I have three NumPy arrays: class_label, student_name, student_id and grade. I am aggregating the grade per class and name as follows:
import numpy as np
import numpy_groupies as npg
class_label = [0, 2, 1, 1, 2, 3, 0, 1]
student_name = [0, 0, 1, 2, 1, 1, 0, 1]
student_id = [0, 1, 2, 3, 4, 5, 6, 7]
grade = [10, 5, 7, 4, 9, 8, 9, 3]
n_classes = 4
n_names = 3
group_idx = np.vstack((class_label, student_name))
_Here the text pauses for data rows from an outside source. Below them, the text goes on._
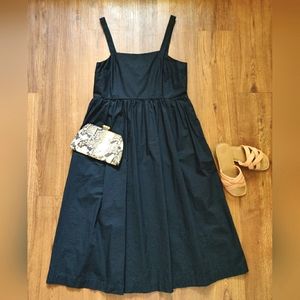 NWOT lightweight cotton dress black smocking pockets!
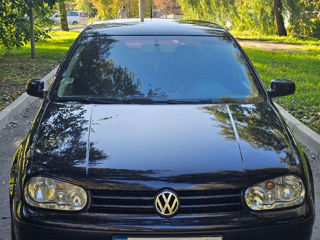 Volkswagen Golf foto 2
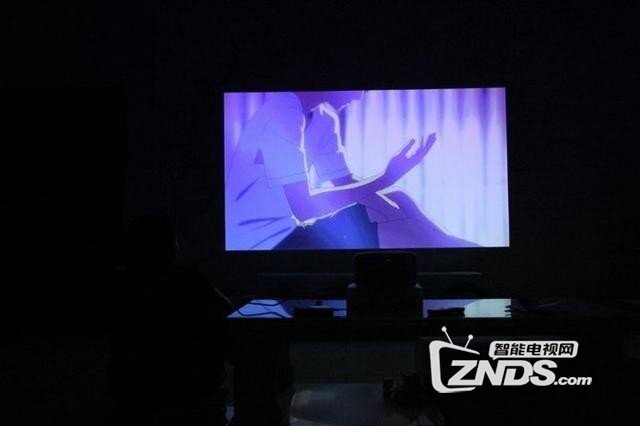 坚果J9与极米H2测评对比 提供一下选购参考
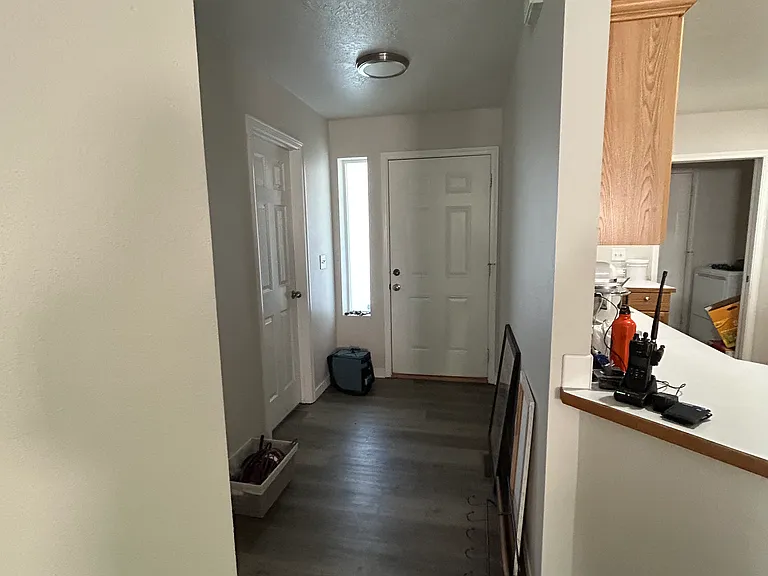 1246 NW Nina Ct — Photo 4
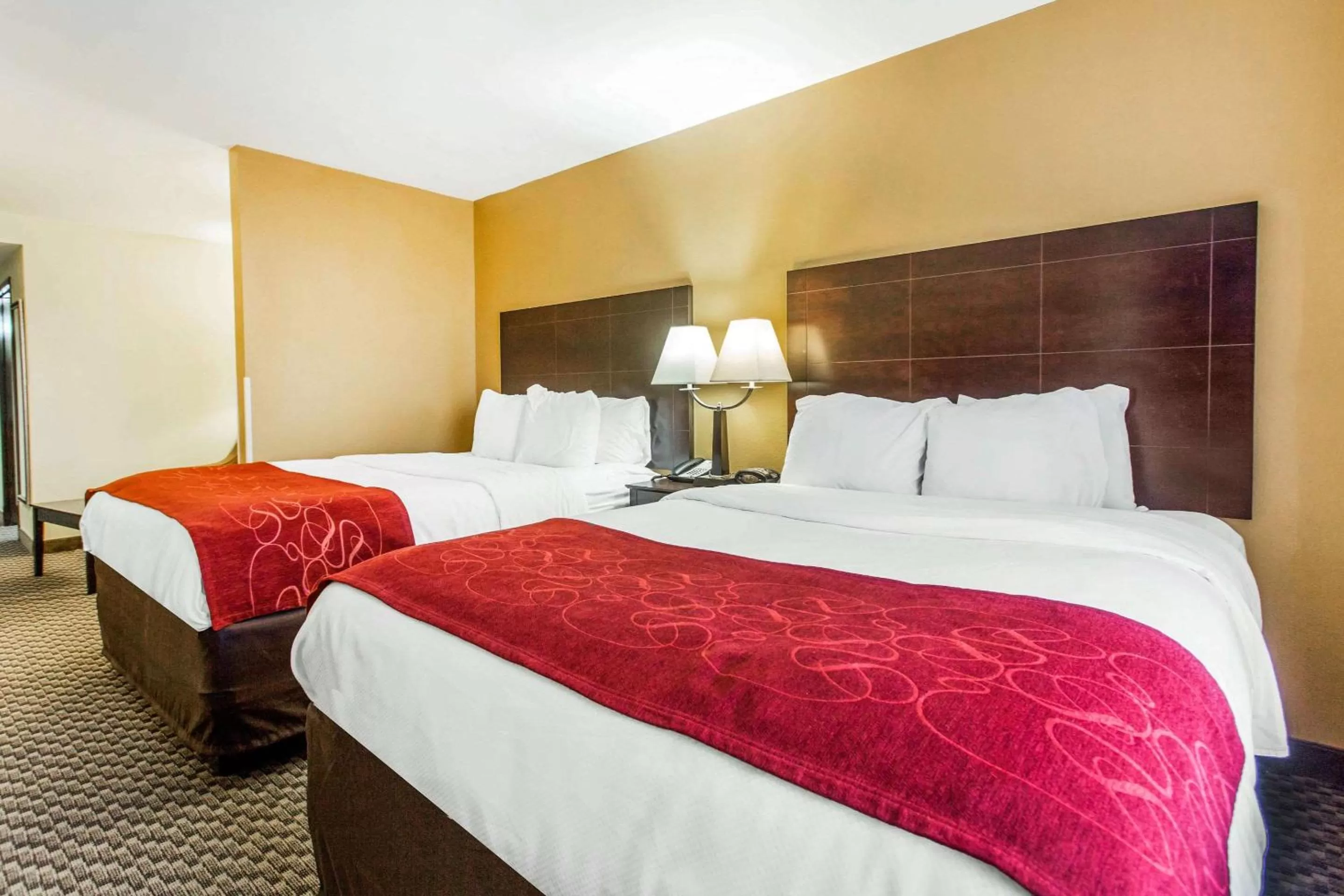 Suite with Two Queen Beds - Accessible/Non-Smoking in Comfort Suites Clinton near Presbyterian College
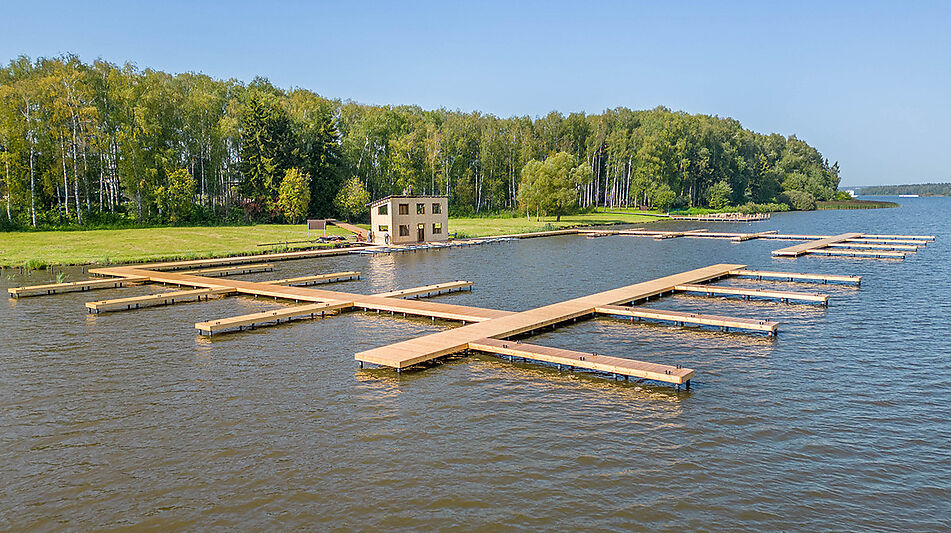 Дом c видом на воду в КП Монаково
npg.aggregate(group_idx, grade, size=(4,3))
which returns:
array([[19, 0, 0],
[ 0, 10, 4],
[ 5, 9, 0],
[ 0, 8, 0]])
I am trying now to get the ids involved in this grouping (adding very minimum overhead to the code if possible)
I want to build a 2D array of shape (n_classes, n_names) in which each cell is a list of all student_id values that share the same (class_label, student_name) pair. For example:
I expect the result to look like this (a 4×3 object array of lists):
array([[ [0, 6], [], [] ],
[ [], [2, 7], [3 ],
[ [1], [4], [] ],
[ [], [5], [] ]], dtype=object)
in the final 2D output array, at row 0 (class 0) and column 0 (name 0), I expect the list [0, 6]. In other words, the cell at position [0,0] must be a list containing the IDs for all records whose class_label == 0 and student_name == 0.
You should use pandas here:
import pandas as pd
df = pd.DataFrame({'class': class_label,
'name': student_name,
'id': student_id,
'grade': grade,
})
which creates the following DataFrame:
class name id grade
0 0 0 0 10
1 2 0 1 5
2 1 1 2 7
3 1 2 3 4
4 2 1 4 9
5 3 1 5 8
6 0 0 6 9
7 1 1 7 3
Then use a pivot_table
with custom aggfunc
:
out = df.pivot_table(index='class', columns='name',
aggfunc={'grade': 'sum', 'id': list})
Output:
grade id
name 0 1 2 0 1 2
class
0 19.0 NaN NaN [0, 6] NaN NaN
1 NaN 10.0 4.0 NaN [2, 7] [3]
2 5.0 9.0 NaN [1] [4] NaN
3 NaN 8.0 NaN NaN [5] NaN
Or independently:
grades = df.pivot_table(index='class', columns='name', values='grade',
aggfunc='sum', fill_value=0)
indices = df.pivot_table(index='class', columns='name', values='id',
aggfunc=list)
Note the npg.aggregate_np
could also work:
npg.aggregate_np(group_idx, student_id, size=(4,3), func=list, dtype=object)
array([[array([0, 6]), 0, 0],
[0, array([2, 7]), array([3])],
[array([1]), array([4]), 0],
[0, array([5]), 0]], dtype=object)